## Material for this exercise
▼

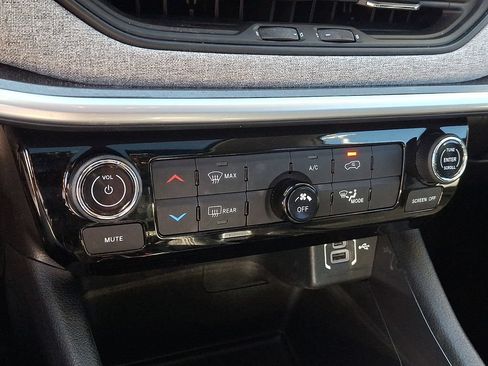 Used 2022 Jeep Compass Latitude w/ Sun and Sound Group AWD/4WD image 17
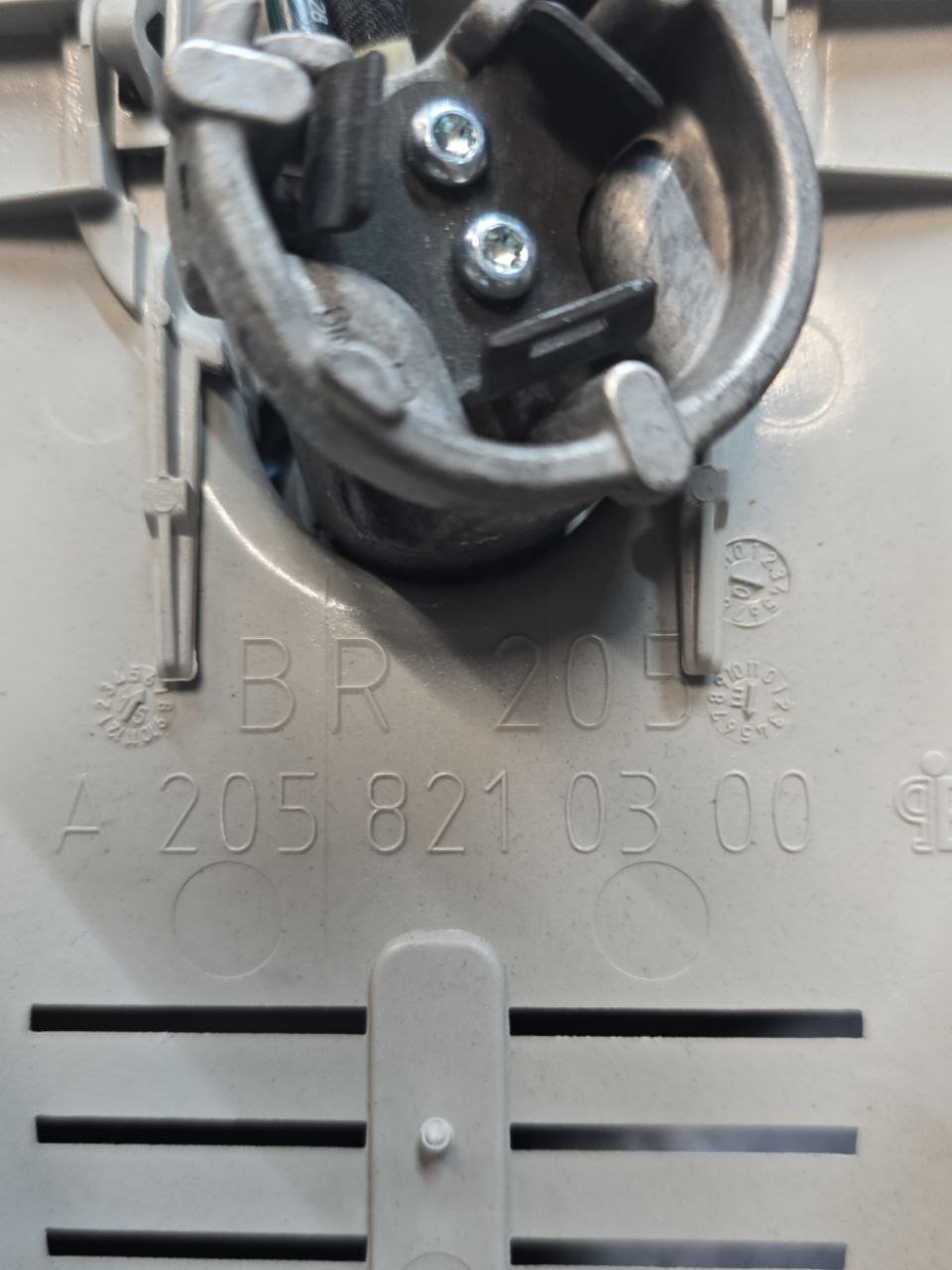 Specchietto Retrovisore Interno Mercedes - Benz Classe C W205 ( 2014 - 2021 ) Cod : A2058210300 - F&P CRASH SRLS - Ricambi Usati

▲
▼

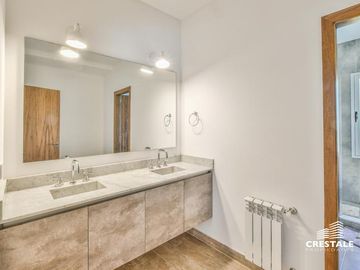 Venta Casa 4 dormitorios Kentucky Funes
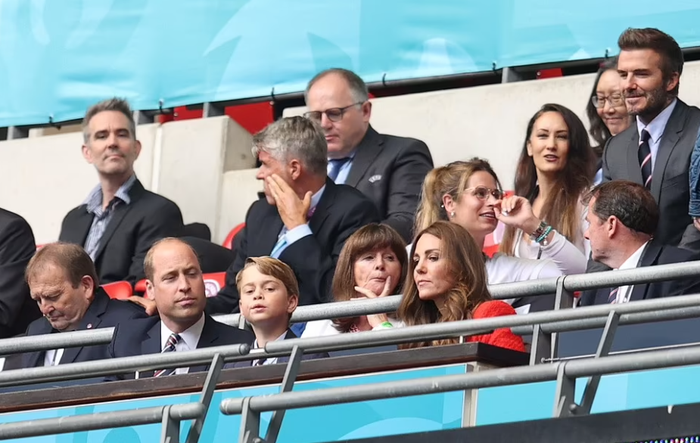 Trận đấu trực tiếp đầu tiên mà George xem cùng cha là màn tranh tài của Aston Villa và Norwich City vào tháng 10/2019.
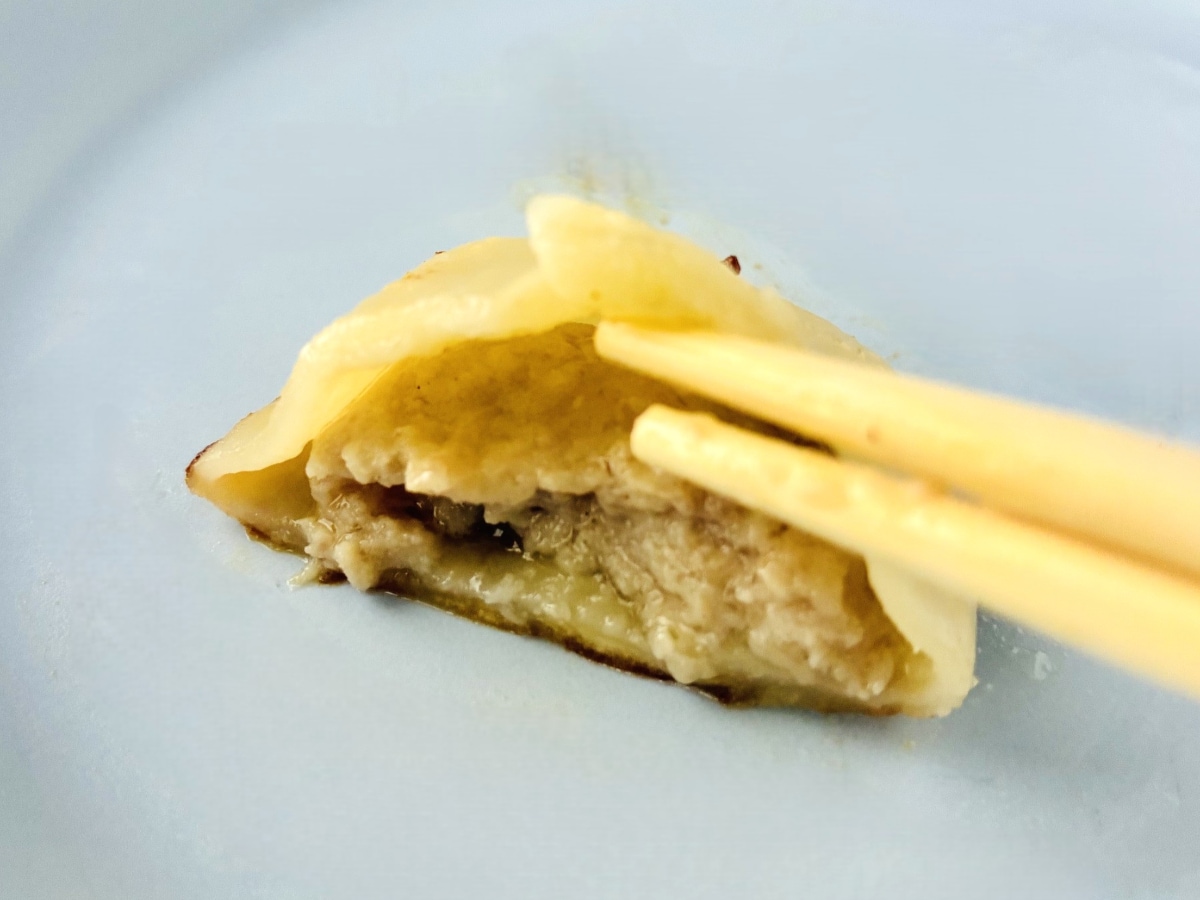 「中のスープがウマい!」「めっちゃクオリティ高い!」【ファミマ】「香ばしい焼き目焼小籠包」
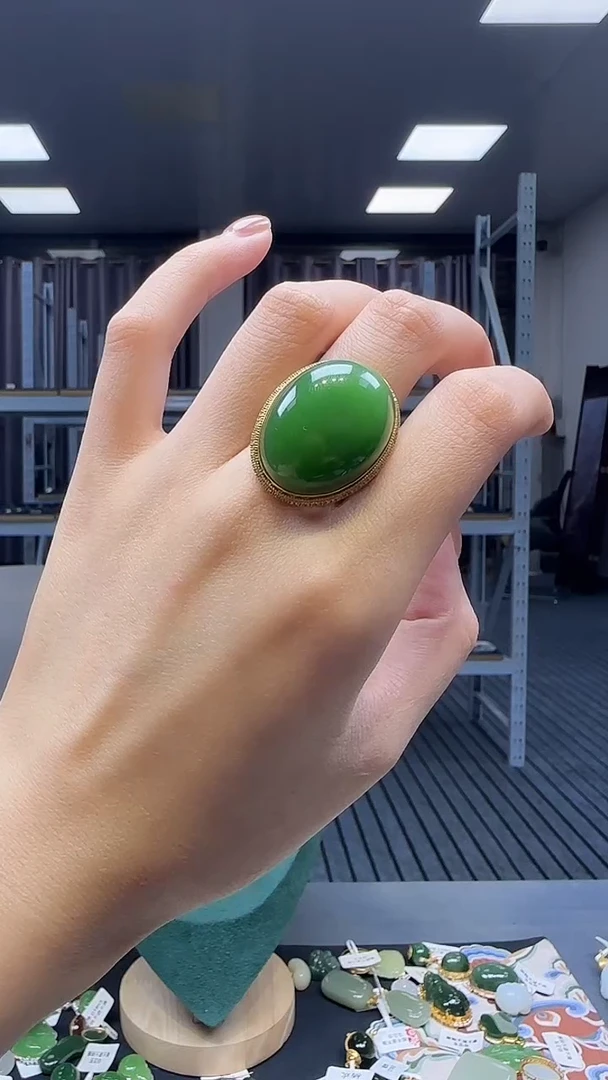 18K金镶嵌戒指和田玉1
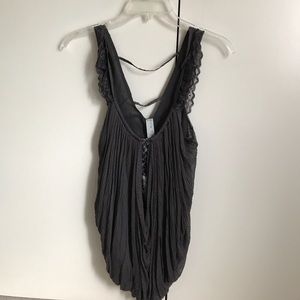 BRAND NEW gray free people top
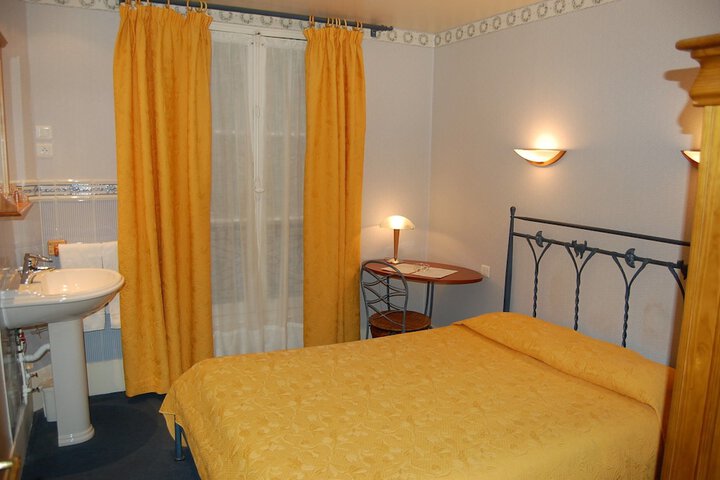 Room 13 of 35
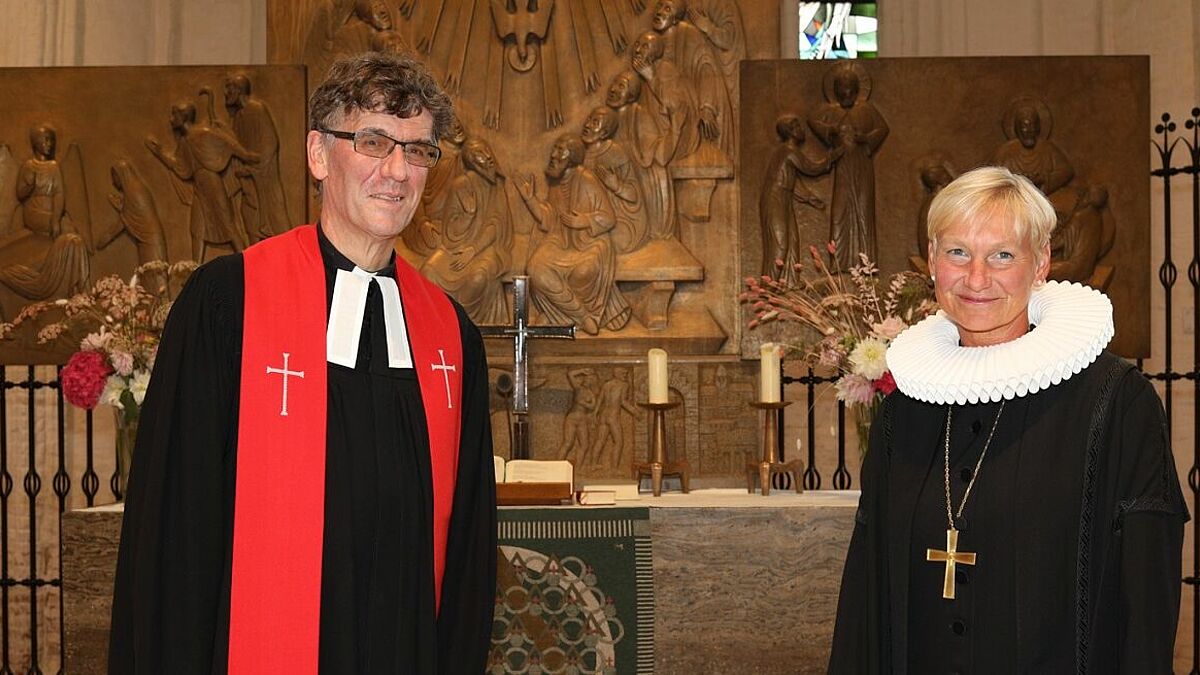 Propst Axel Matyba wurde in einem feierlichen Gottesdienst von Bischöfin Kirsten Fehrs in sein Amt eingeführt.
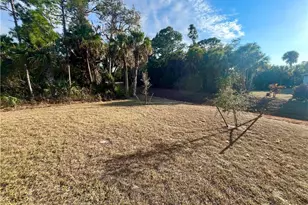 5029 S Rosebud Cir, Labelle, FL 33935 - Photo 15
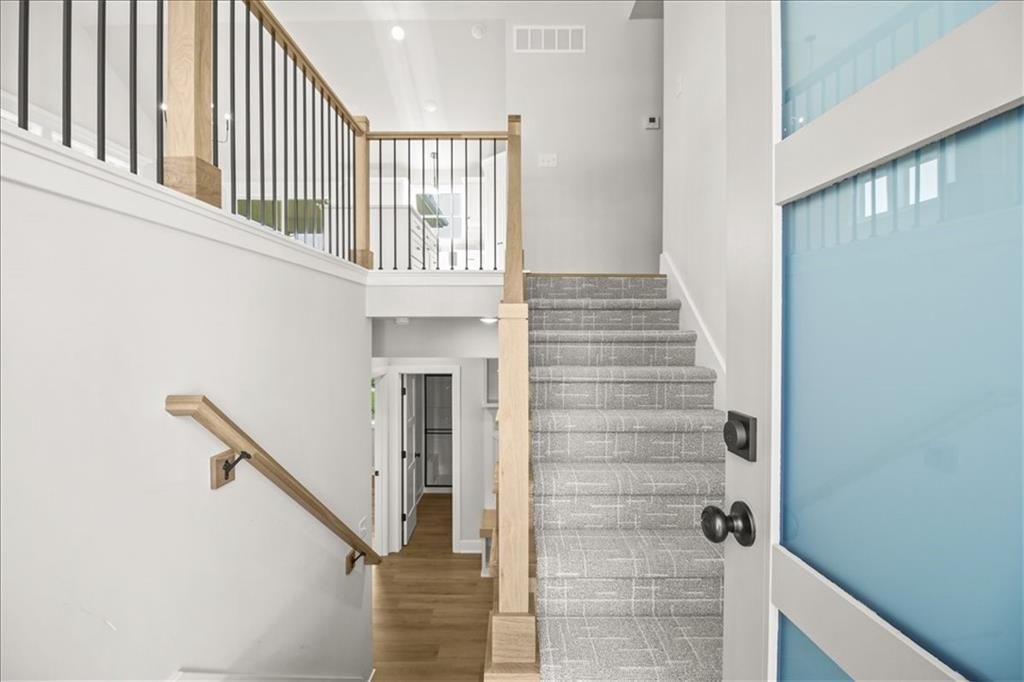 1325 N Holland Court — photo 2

▲
▼

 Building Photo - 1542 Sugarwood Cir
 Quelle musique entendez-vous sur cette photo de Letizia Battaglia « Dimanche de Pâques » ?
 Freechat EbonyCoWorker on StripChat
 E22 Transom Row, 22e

▲

## What you are asked to do
Write out the lines above from the one with "Venta Casa 4 dormitorios Kentucky Funes" through the one with "1325 N Holland Court — photo 2", ends included, exactly; no picture goes in.

## Problem solution
 Venta Casa 4 dormitorios Kentucky Funes
 Trận đấu trực tiếp đầu tiên mà George xem cùng cha là màn tranh tài của Aston Villa và Norwich City vào tháng 10/2019.
 「中のスープがウマい!」「めっちゃクオリティ高い!」【ファミマ】「香ばしい焼き目焼小籠包」
 18K金镶嵌戒指和田玉1
 BRAND NEW gray free people top
 Room 13 of 35
 Propst Axel Matyba wurde in einem feierlichen Gottesdienst von Bischöfin Kirsten Fehrs in sein Amt eingeführt.
 5029 S Rosebud Cir, Labelle, FL 33935 - Photo 15
 1325 N Holland Court — photo 2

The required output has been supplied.